Monday, April 1, 2013

On Being Careful Not to Read too Closely

Where does the author fit in common core text interpretations? Should students think about authors or is this verboten?

We (T. Shanahan, C. Shanahan, & C. Misichia) published research that considered how disciplinary experts (historians, mathematicians, historians) handle this problem. Our historians, consistent with many past studies, revealed that they focus heavily on authors during reading. They talked a lot about what they perceived to be the author’s arguments or biases.

The mathematicians we interviewed had a different take on the matter, claiming that author had no place in interpretation. They, according to their accounts, didn’t think about author at all when reading. Their attention was on the words and nothing more. We later received a note from a mathematician thanking us for showing that they were the only ones “who read with integrity.” 

However, math educators at Rutgers have pointed out that mathematicians may strive to read without attention to author as they told us, but that their interpretations do account for this supposedly irrelevant fact, at least under some reading conditions. Let’s just say, the math ideal is to read without attention to author, no matter what the practice may actually be (“the spirit is willing but the body is weak”).

The debate in literature is a more complicated one since the ideal is less clear. There was a time when the study of literature was overwhelmed by interpretations based on author’s biographies and contextual information about how the texts may have been written. The push-back to this historical approach to literature came from New Criticism. The New Critics wanted poetry to be read like mathematics; as if there were no source.

That is where the idea of the “intentional fallacy” came from… that it was invalid to consider what the author may have intended with his or her words, rather than thinking about the words themselves.

As Wayne Booth has shown the idea of author awareness is pretty central to the reading process – with real authors, implied authors, implied readers, and so on. What voice do you hear when you read Huckleberry Finn?
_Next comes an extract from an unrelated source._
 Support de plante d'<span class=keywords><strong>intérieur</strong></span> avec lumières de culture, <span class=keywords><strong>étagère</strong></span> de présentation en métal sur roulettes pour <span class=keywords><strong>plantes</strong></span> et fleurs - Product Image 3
That of an old codger in a rocker down by the Mississippi or a wealthy white-suited insurance investor in Hartford, Connecticut?

The idea of author awareness comes into legal interpretations as well. This is the season when lawyers argue their cases before the Supreme Court, and the term “original intent” is pretty descriptive of what some justices try to consider in their interpretations of the law.
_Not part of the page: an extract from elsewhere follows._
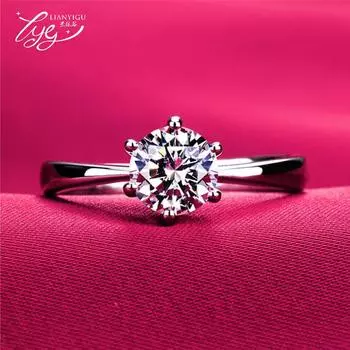 Модное классическое кольцо с высоким имитацией шести когтей, индивидуальное женское кольцо с одним бриллиантом из циркония, ювелирные изделия 9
I found myself thinking about all of this as I read E.D. Hirsh’s recent 85th birthday reminiscence, “How Two Poems Helped Launch a School Reform Movement”
Hirsch, though trained as a New Critic, rebelled early on, writing a book that heavily influenced my thinking, Validity in Interpretation. (A book the title of which I often fondly misremember as The Ethics of Interpretation).

So what does this have to do with the common core?

It points out why one needs to be very careful NOT to do too close a reading. Hirsch argues persuasively in his recent essay why student prior knowledge matters in interpretation, and why author intentions play a related and legitimate role in text interpretation. That certainly doesn’t mean that we have to have a 10-minute discussion of student prior knowledge every time we read a text or that we should study an author's biography before we can profitably read his or her words. 

By the same token, close reading should not harken back to a time when we tried to read every text as if were handed down from the mountain, with no discernible author. It is okay to allude to an author’s other works in a discussion, or for kids to explicitly use their knowledge when trying to make sense of an author’s logic. The author’s words need to be central to our focus on the text, but not to the point of being either dismissive of the intentions of the author or foolish about what we can validly conclude about a text. A little common sense is going to be needed with this aspect of the common core.

Happy birthday, Don Hirsh. Hope it is a joyous one.



EC said...

Thoughtful and judicious. Unfortunately, what you rightly call "common sense" is often missing from materials provided by organizations very close to the CCSS. Below, for instance, is a paragraph of instruction from a lesson plan on the "" website created by the David Coleman-founded Student Achievement Partners:

"Other than giving an initial brief definition to words students would likely not be able to define from context (bolded in the text), avoid
giving any background context or instructional guidance at the outset. This close reading approach forces students to rely exclusively on the text instead of privileging background knowledge."

The approach in the lesson plan I quoted looks a lot like a standardized testing approach: "right-there" questions about brief excerpts of text that it will be hard for most students to care about. I hope your more common-sense approach prevails, but I don't see much reason to be hopeful.

Tim Shanahan said...

This is an interesting one. Coleman and colleagues originally said, "No," to pre-reading discussions aimed at raising background information. Then as a result of what I wrote on this site, plus some emails back and forth, they came around to the idea of supporting background discussions as long as they follow some guidelines that I have set out: such preparation should be brief, should not be a repeat of the text, should arouse interest, etc. by informing students of things like the genre, the topic, etc.